In the main loop(while loop), It performs the following steps:

  • Calculate timeout based on network.wait_time() and terminal.wait_time().
  • Clear file descriptor, via calling sel.clear_fds().
  • Get network socket, via calling network->fds(), fd_list.back().
  • Add network socket to Select object.
  • Add pty master to Select object.
  • Wait for socket input, signal, pty master input via calling sel.select(), with the timeout as parameter.
  • Upon receive signals, the corresponding item in Select.got_signal array is set.
  • Upon network sockets is ready to read, read it with network.recv().
    • After network.recv(), the remote state is saved in received_states,
    • and the opposite direction ack_num is saved.
    • if remote state number is not equal to last_remote_num, prepare input for terminal.
  • Upon pty master input is ready to read, read it via calling read() system call.
    • If it does read some input, call string version of terminal.act() to process the input data.
    • append the return value of terminal.act() to terminal_to_host.
    • set current state via calling network.set_current_state() with the terminal as parameter.
  • Write user input and terminal write back to the host via calling swrite().
    • All data collected in terminal_to_host is write to the pty master.
    • Why terminal write back?
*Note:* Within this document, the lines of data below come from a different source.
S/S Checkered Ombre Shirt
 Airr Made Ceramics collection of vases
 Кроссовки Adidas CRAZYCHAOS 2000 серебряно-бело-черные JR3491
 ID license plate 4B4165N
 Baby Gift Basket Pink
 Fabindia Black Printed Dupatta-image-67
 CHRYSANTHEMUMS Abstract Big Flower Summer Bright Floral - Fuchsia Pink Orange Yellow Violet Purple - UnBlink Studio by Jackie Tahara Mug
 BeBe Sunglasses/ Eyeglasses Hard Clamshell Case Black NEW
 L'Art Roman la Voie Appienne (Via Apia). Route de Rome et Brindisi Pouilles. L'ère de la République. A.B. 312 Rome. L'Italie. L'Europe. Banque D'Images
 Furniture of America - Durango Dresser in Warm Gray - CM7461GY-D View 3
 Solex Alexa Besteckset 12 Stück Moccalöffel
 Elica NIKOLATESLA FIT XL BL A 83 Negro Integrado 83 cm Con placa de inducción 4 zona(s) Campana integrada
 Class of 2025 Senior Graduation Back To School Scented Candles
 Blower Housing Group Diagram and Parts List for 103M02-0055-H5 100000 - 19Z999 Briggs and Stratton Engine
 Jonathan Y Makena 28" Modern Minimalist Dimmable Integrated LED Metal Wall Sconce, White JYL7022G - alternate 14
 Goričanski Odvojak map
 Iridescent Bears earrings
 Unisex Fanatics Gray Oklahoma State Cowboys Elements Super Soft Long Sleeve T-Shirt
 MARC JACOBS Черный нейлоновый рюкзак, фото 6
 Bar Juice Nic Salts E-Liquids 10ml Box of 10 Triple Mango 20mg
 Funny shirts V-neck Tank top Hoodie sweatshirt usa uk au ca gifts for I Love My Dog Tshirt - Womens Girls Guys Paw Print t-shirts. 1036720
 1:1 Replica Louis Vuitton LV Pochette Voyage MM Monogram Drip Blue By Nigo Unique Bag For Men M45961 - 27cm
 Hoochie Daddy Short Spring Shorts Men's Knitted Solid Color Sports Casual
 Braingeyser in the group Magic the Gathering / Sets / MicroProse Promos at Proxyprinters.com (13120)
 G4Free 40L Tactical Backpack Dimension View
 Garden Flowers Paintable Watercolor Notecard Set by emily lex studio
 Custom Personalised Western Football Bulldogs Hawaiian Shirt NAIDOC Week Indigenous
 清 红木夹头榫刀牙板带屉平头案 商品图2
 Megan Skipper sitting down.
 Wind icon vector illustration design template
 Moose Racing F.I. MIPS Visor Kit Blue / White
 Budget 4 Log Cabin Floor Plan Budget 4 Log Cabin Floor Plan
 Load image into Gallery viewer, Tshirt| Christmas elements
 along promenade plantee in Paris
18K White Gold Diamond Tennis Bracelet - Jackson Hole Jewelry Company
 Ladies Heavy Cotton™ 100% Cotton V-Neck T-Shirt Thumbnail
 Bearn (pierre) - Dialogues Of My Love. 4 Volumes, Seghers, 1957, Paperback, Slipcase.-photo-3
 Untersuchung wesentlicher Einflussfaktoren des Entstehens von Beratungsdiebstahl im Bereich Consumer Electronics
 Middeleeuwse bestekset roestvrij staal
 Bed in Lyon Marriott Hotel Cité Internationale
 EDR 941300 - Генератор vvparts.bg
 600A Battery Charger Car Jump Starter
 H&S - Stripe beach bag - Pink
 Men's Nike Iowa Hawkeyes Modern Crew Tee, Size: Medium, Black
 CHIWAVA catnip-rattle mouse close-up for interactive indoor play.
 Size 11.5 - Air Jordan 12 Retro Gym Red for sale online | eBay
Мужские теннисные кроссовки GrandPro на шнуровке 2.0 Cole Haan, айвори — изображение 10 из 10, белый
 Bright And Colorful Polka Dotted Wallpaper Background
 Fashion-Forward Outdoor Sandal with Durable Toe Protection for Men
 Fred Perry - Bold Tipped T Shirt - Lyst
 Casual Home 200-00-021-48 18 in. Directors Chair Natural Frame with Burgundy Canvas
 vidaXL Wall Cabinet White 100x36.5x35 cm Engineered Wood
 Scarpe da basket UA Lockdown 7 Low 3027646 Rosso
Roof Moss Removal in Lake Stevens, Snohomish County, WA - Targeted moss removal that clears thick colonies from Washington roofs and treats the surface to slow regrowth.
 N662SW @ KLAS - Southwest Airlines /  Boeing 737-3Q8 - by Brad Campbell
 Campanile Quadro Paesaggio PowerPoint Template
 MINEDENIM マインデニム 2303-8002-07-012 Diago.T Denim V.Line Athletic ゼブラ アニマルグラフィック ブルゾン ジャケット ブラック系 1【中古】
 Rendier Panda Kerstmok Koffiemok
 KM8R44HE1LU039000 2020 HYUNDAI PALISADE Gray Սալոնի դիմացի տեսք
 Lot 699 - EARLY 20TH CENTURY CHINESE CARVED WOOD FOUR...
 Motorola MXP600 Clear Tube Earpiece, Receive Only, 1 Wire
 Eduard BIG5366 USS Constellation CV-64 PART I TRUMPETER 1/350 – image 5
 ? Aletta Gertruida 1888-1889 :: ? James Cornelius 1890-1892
See Terminal write back
  • If server doesn't receive client data over network_timeout_ms, set idle_shutdown true.
  • Upon receive SIGUSR1 signal, check network_signaled_timeout_ms to decide how to set idle_shutdown.
    • SIGUSR1 signal is used to kill the mosh-server gracefully.
  • If idle_shutdown is true or receive any signal, prepare to shutdown.
  • Quit if our shutdown has been acknowledged.
  • Quit after shutdown acknowledgement timeout.
  • Quit if we received and acknowledged a shutdown request.
  • Update utmp if has been more than 30 seconds since heard from client.
  • Check the echo condition and decide whether to echo ack via calling terminal.set_echo_ack().
    • terminal.set_echo_ack() aka Complete::set_echo_ack()
    • terminal.set_echo_ack() checks input_history time against now and ECHO_TIMEOUT.
    • terminal.set_echo_ack() updates input_history and echo_ack.
    • If terminal.set_echo_ack() returns true,
    • set current state via calling network.set_current_state() with the terminal as parameter.
  • Quit if there is no connection within 60 seconds.
  • Perform network->tick() to synchronizes the data to the client.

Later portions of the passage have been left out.